第13話
「いででででででっ」
看病しろと後を任されたわけだけど、ウィリアムさんの汗を拭こうと腰を上げると、膝に居るデーヴィドくんの腕がいつの間にか腰をぐるっと回ってぎりぎりと締め付けてくるんだよね。デーヴィドくん、本当は起きてない?
手持ち無沙汰でデーヴィドくんの髪を撫でる。ふわふわしている金髪が指の間を絡めるように過ぎていく。こうしてるとなんだか落ち着くんだよね……そういえば私、前もデーヴィドくんに安心感を抱いていた気がする。優しいおばあちゃんの家にいるみたいな。未だにおばあちゃんのこと含めいろいろ思い出せてないけど。
それから何度かデーヴィドくんとの戦いを繰り返し、筋肉の限界を迎えた私はパタリとデーヴィドくんの上に倒れ込んだ。

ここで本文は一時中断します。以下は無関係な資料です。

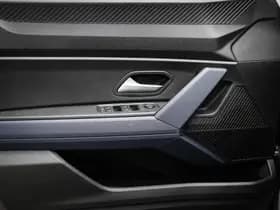 Dacia Duster 1.2 TCe 130 mild hybrid Expression | STOELVERWARMING | NAVIGATIE | DAB | APPLE | CAMERA thumbnail 24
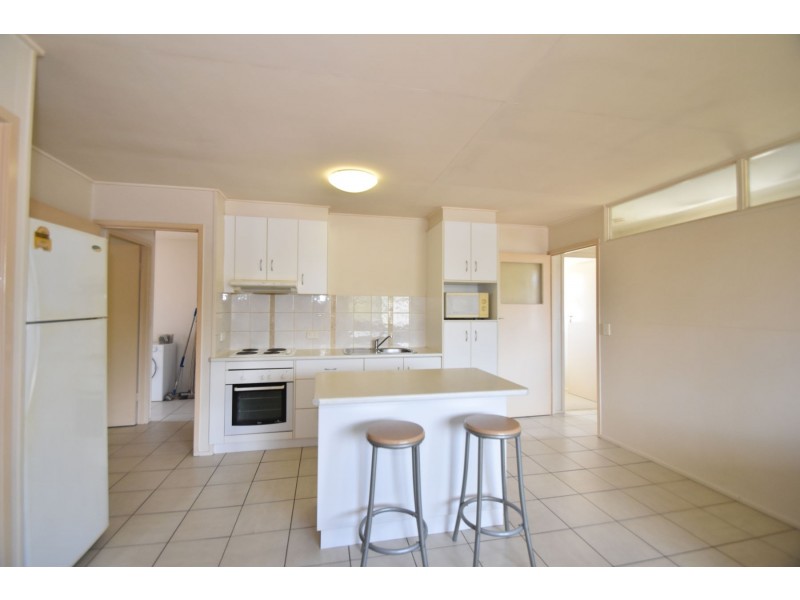 3/149 Taylor Street, Wilsonton QLD 4350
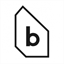 brianoconnell.com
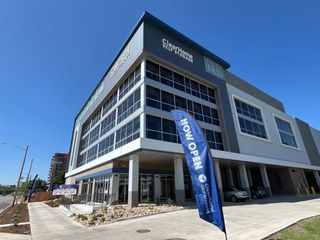 Facility Image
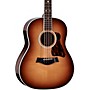 Taylor 2026 Catch Custom #20 C57e Grand Pacific Acoustic-Electric Bajo Quinto - Shaded Edge Burst
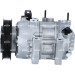 NRF | Kompressor, Klimaanlage | 320141G NRF | Kompressor, Klimaanlage | 320141G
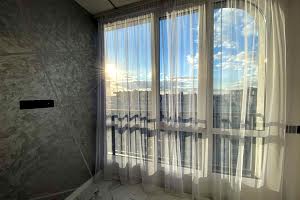 квартира по адресу Трускавецкая ул., 111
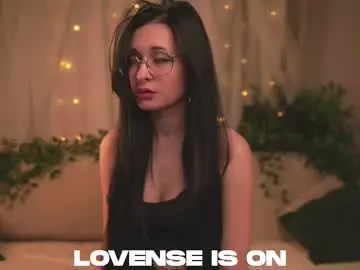 Chaturbate Live Sex of lost_mymind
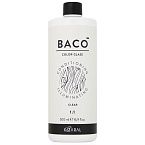 001 Колор-гель оттеночный нейтральный Baco Color Glaze Kaaral 500 мл
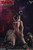 [PL2019-152] 1/6 Vampirella Jose Gonzalez 50th Anniversary Edition Figure by TBLeague Phicen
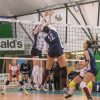 B2F-VolleyLadispoli-AndreaDoriaTivoli-73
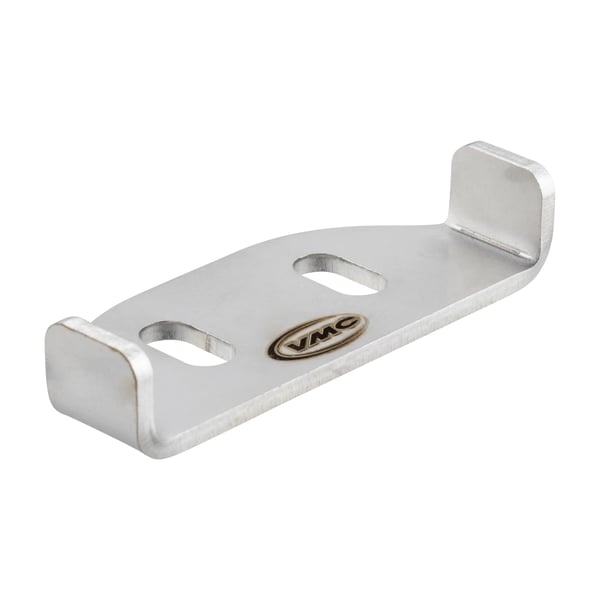 Image of Helmhaken VMC für Vespa 50-125 PV/ET3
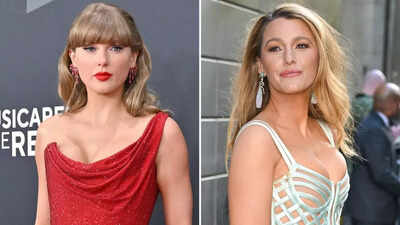Taylor swift and blake lively.jpg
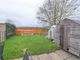 Thumbnail Semi-detached house for sale in Storey Close, Helmsley, York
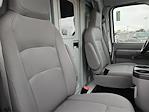 New 2024 Ford E-350 RWD, 13' Knapheide KUV Service Utility Van for sale #E240560 - photo 18
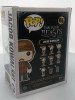 Funko POP! Movies Fantastic Beasts Jacob Kowalski #5 Vinyl Figure - (109635)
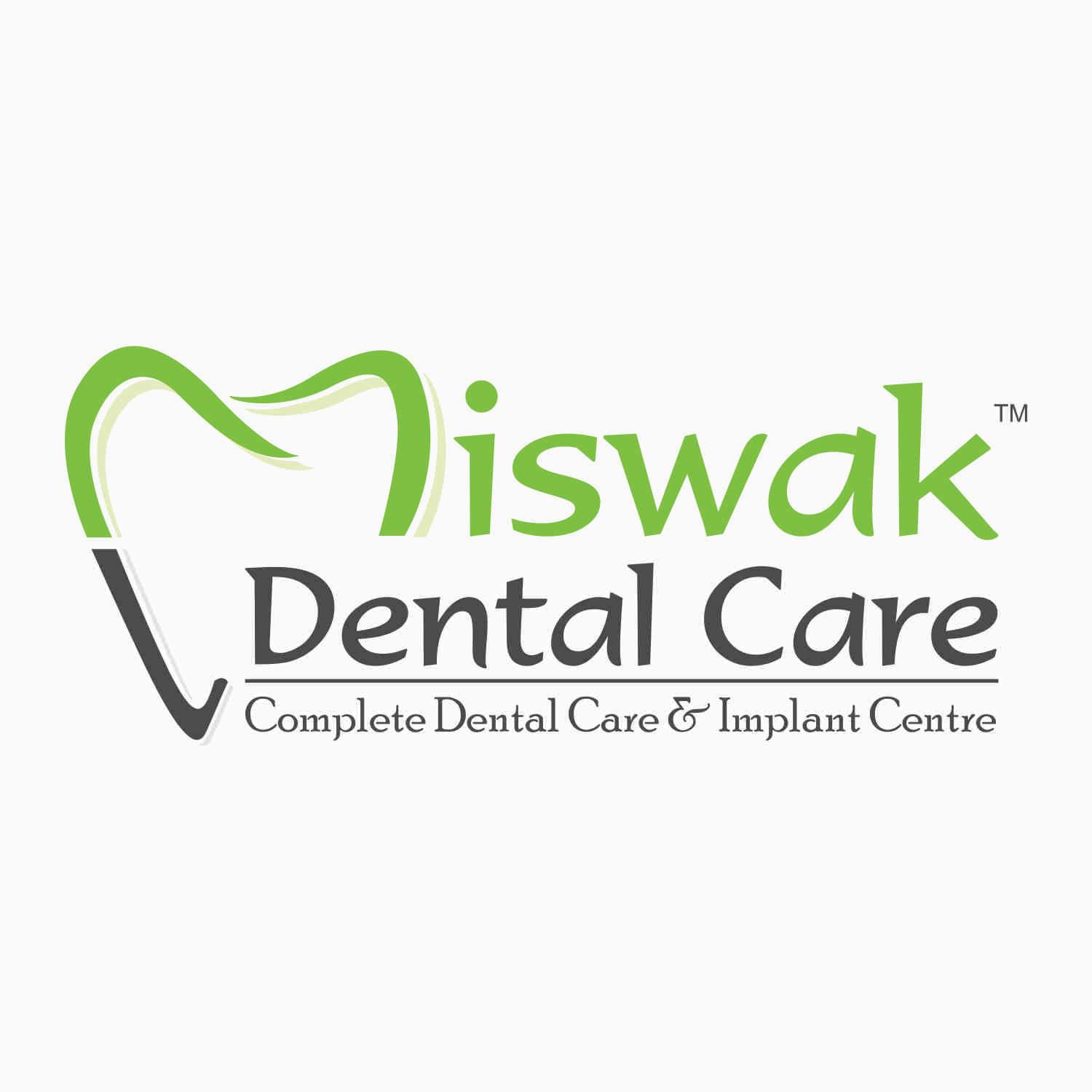 Miswak Dental Care - Masab Tank - Hyderabad Image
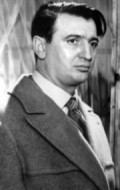Actor Albert Remy - filmography and biography.
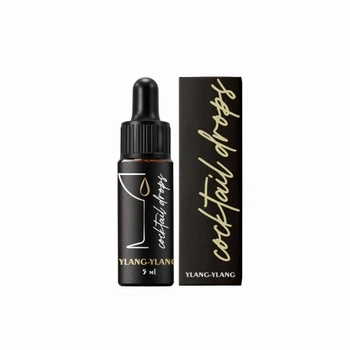Cocktail Drops – Іланг-іланг 5 мл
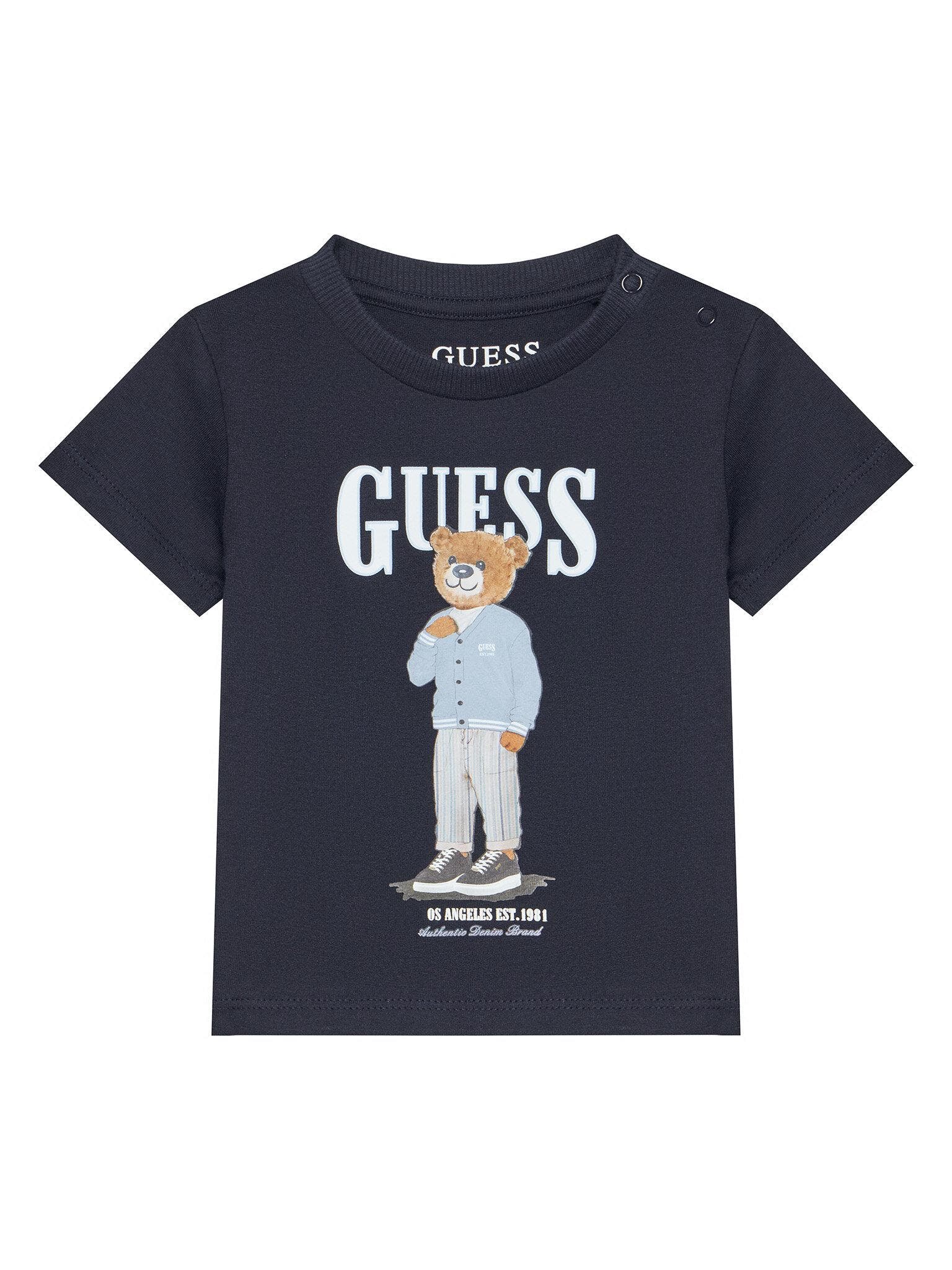 I6GG04K8HM4/G7V2 GUESS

疲れた……。
『優羽はあの子と喧嘩ばっかするのねぇ』
私の左手に温かい手が重ねられる。
『だって、わたしがつくったツミキをこわしたり、おともだちとあそんでたら、かってにはいってくるんだもん』
『それじゃあ、どうしてそんなことをするのか聞いてみたらどうかね。相手のことをきちんと見てあげないといけないよ』
『あいてをみるってなに?』
『それは--』
まるで水の中に入っているみたいに、声がぼやけていく。もっと、もっと、耳を澄まさないと……この人の小さな声は心地よくて、ずっとずっと聴いていたいから。亡くさないように、零さないように。
「『優羽』」
冷たいノイズが混じって、優しい声が掠れていく。
急に寂しくなって、確かなものが欲しくて、握り締めた物は--
「優羽」
ウィリアムさんのおててだったようです。
「夢かー……」
「私が必死に呼びかけているというのに、呑気に夢を見ていたんですね」
いやぁしまった。しまってしまいました。ウィリアムさんが怒ってる……。
窓の外はすっかり暗くなって、ついでに部屋も暗い。蝋燭着けてよ、誰か。人が看病してるんだからさ。ほとんど寝てたけど。
「私と駆け落ちしましょうか」
「は?」
部屋に沈黙が降りたよ。そりゃ当たり前だよね。
「それとも夜逃げがいいですか? 愛の逃避行……?」
とにかく、ウィリアムさんは逃げたいらしい。逃って字があったらなんでもいいって訳じゃないんだからね。
「安心しました。ウィリアムさんが私に惚れたのかと」
「誰が貴方なんかを。 いいですか、デーヴィド様が動けない隙に私の屋敷に居を移すのです」
どうして急に。
「先程のことを考えて、確かに貴方はデーヴィド様にいい影響を与えています。しかしデーヴィド様は既に魔力のコントロールの仕方を覚えました。これ以上貴方に依存されると今後も貴方がいないとデーヴィド様を制御出来なくなる。かと言って完全に離して人間界に帰してしまうとデーヴィド様も魔界には残らない。だから程よく離したい」
ごくりと喉が鳴った。ウィリアムさん、寝ている最中にそんなことを考えられるんだ!
「と、夢の中で神が仰っていました」
「……」
ツッコミどころ満載では?
「とにかく、逃げましょう。貴方には目くらましならぬ気配くらましの魔法を絶妙な力で掛けておきます。その僅かな気配を辿れるほどデーヴィド様が成長される時までにはデーヴィド様を説得して貴方を人間界に帰すと誓います」
うーん、なんか荒い計画。人の心は簡単には操れないから、正確に計画を立てることは難しいのかもしれないけど。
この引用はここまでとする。